Saturday, September 13 - 10am-4pm
Karma is perhaps the most widely misunderstood idea on the Buddhist path. The word has woven itself into popular culture—good karma, bad karma, instant karma, karma police, and so on. From a Western perspective, karma is often mistaken for a kind of cosmic reward-and-punishment system, as if some unseen judge were keeping score.
In the Buddhist, non-theistic view, however, karma is more like physics—the simple but relentless momentum of confusion. It’s the ceaseless and often unconscious cycle of action, reaction, and result, which leads straight into the next impulsive action. A not-so-merry-go-round that spins on and on.
As meditators, learning how to interrupt this reactive chain is of vital importance. It is not just about being “good” so that we might get to a better place. In practice, we begin to see how our patterns shape the way we experience life—and how those patterns ripple out into a shared world of confusion.
If, on the cushion, we can recognize our impulses of thought and emotion clearly and meet them with gentleness, we may create a moment of space—a gap.

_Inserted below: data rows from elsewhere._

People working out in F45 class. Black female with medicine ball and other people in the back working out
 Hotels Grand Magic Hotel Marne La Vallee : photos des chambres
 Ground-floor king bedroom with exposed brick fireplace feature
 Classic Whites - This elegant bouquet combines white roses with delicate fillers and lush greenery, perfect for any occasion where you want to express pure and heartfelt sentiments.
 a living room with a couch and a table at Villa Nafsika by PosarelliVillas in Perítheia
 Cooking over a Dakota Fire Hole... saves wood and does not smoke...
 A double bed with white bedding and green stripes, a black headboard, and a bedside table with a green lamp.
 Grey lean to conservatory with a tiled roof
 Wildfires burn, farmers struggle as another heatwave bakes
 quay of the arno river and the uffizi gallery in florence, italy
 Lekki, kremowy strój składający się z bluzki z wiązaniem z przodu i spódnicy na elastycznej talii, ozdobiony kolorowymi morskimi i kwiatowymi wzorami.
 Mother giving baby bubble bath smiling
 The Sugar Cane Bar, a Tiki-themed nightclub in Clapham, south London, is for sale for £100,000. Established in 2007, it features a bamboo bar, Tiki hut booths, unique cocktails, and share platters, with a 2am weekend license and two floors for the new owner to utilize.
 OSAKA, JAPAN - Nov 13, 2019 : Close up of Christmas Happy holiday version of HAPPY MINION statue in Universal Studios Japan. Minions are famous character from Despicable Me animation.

In that space lies freedom: the freedom not to be pushed forward blindly from one moment to the next.
And from that freedom, skillful means can arise—our capacity to genuinely help others.
Besides teachings and meditation practice, the retreat will include contemplation, journaling and personal reflection, and a guided experience of direct perception - all activities which can help to cut the chain of karmic reactivity.